Personal information
- Born: 26 February 1991 (age 35) Denver, Colorado
- Nationality: American / Croatian
- Listed height: 188 cm (6 ft 2 in)
- Listed weight: 86 kg (190 lb)

Career information
- High school: Broomfield (Broomfield, Colorado); Chaparral (Scottsdale, Arizona);
- College: North Platte CC (2010–2012); Fort Lewis (2012–2014);
- Playing career: 2014–present
- Position: Point guard

Career history
- 2014–2015: BBG Herford
- 2016–2017: KK Zabok
- 2017: Plymouth Raiders
- 2018: KK Vrijednosnice Osijek
- 2018–2019: Þór Þorlákshöfn
- 2019–2020: Stjarnan
- 2020–2021: Tindastóll
- 2021: KB Prishtina
- 2022: Olomoucko Prostejov
- 2022–2024: Kortrijk Spurs
- 2024: Donar Groningen
- 2024: Caledonia Gladiators
- 2024: Abejas de León
- 2024–2025: Þór Þorlákshöfn
- 2025: Abejas de León
- 2025: Gambusinos de Fresnillo
- 2025–2026: Caballeros de Culiacán

Career highlights
- Icelandic Cup (2020); Icelandic Super Cup (2019); Úrvalsdeild assist leader (2019); TDM1 winner (2023);

= Nikolas Tomsick =

American-Croatian basketball player (born 1991)

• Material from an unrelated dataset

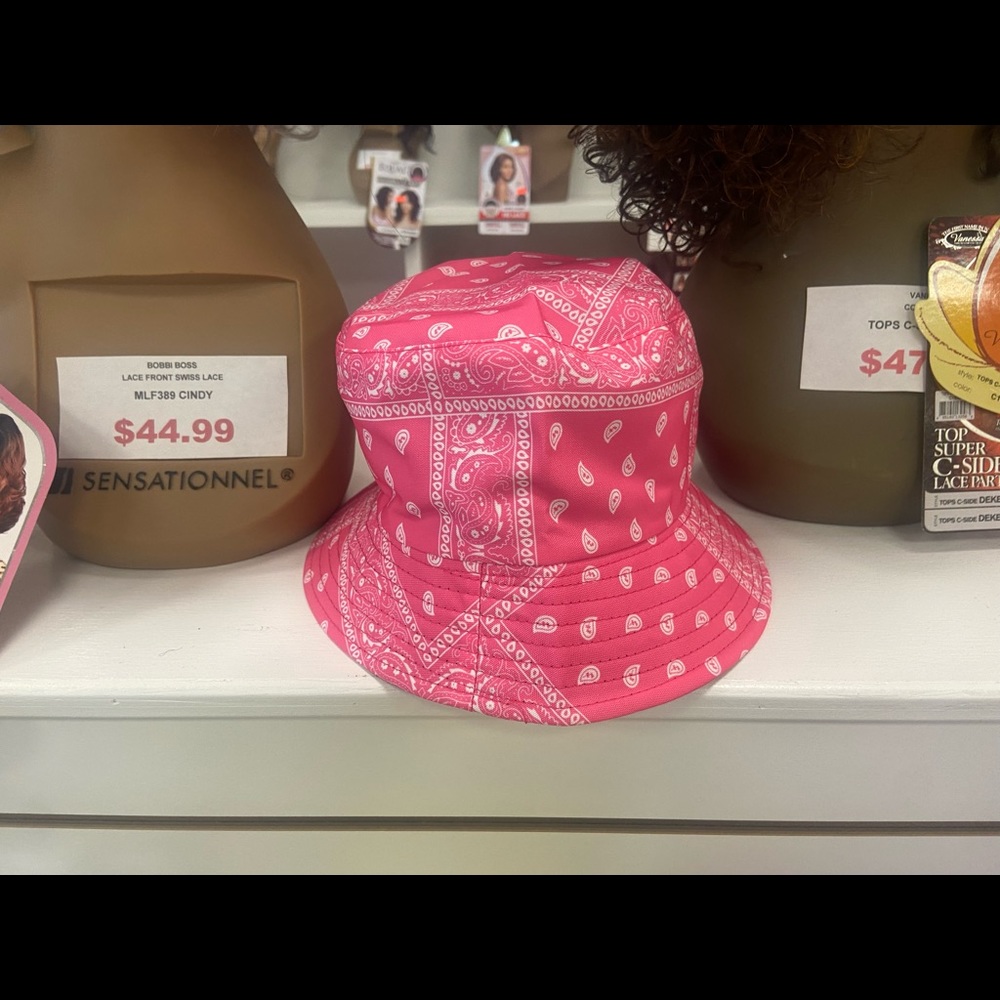PINK BANDANNA HAT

Nicholas Tomsick (born 26 February 1991) is an American-Croatian professional basketball player. In 2019, he led the Icelandic Úrvalsdeild karla in assists while playing for Þór Þorlákshöfn. He became well known for his clutch performances in close games in the Úrvalsdeild, hitting several game winning shots at the buzzer for both Þór and Stjarnan.

==College career==
Tomsick played two seasons at North Platte Community College from 2010 to 2012. As a sophomore he led the NJCAA Region 9 and ranked third in the nation in scoring at 22.3 points per game and was named to the All-conference first team and All-NJCAA Region IX Tournament Team. In 2012, he transferred to Fort Lewis where he averaged 17.3 points in 57 games from 2012 to 2014.

==Professional career==
After starting his professional career in Germany with BBG Herford, Tomsick went on to play for KK Zabok, Plymouth Raiders and KK Vrijednosnice Osijek before signing with Þór Þorlákshöfn in the Úrvalsdeild karla in July 2018.

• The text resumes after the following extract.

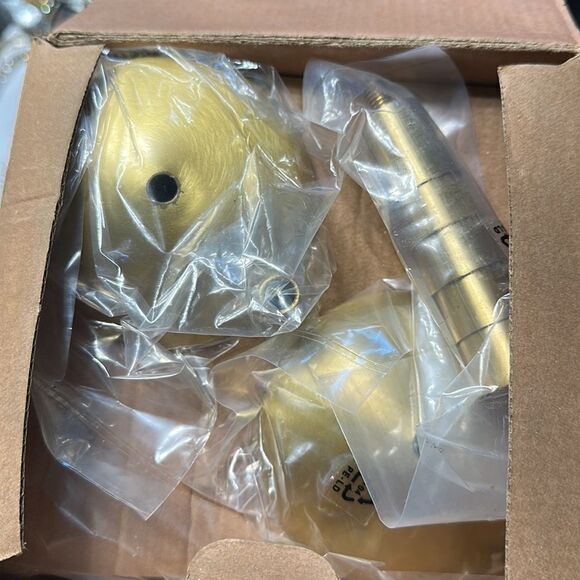 IKEA ISIG Polished Goldtone 5 Arm Candle Holder New in Box - Picture 3 of 3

On 15 November 2018, Tomsick scored 41 points and made 8 three point shots, including a game winning buzzer beater, against Breiðablik. On 3 February 2019, Tomsick scored the game winning three point shot against ÍR.
Regarded as one of the best players in the league during the regular season, he averaged 22.9 points and led the league, tied with Ægir Steinarsson, with 7.5 assists per game. During the playoffs, he was a big catalyst in Þór's unexpected advance to the semi-finals where the team bowed out against eventual champions KR.

In July 2019, Tomsick signed with Stjarnan. Stjarnan opened the 2019–20 season with a 89–77 win against reigning champions KR in the annual Icelandic Super Cup where Tomsick posted 13 points and 6 assists. On 1 November, he scored a game winning buzzer beater against Njarðvík, giving Stjarnan 78–76 victory. On 20 November, Tomsick scored 44 points, include the game winning three pointer at the buzzer, in a 101–104 victory against Þór Akureyri. Tomsick, who battled illness during the game and threw up on the sideline during half-time, made 11 out of 17 three point shots during the game. On 15 February 2020, Tomsick scored 19 points in Stjarnan's 75–89 win against Grindavík in the Icelandic Cup finals. For the season he averaged a team leading 20.1 points along with 5.1 assists.

On 14 April 2020, Tomsick signed with Tindastóll, meeting his former Þór Þorlákshöfn coach Baldur Þór Ragnarsson.

In 2022, Tomsick signed with Kortrijk Spurs. In May 2023, he helped the club win the second tier Top Division Men One.

In December 2024, Tomsick returned to the Úrvalsdeild karla and signed back with Þór Þorlákshöfn.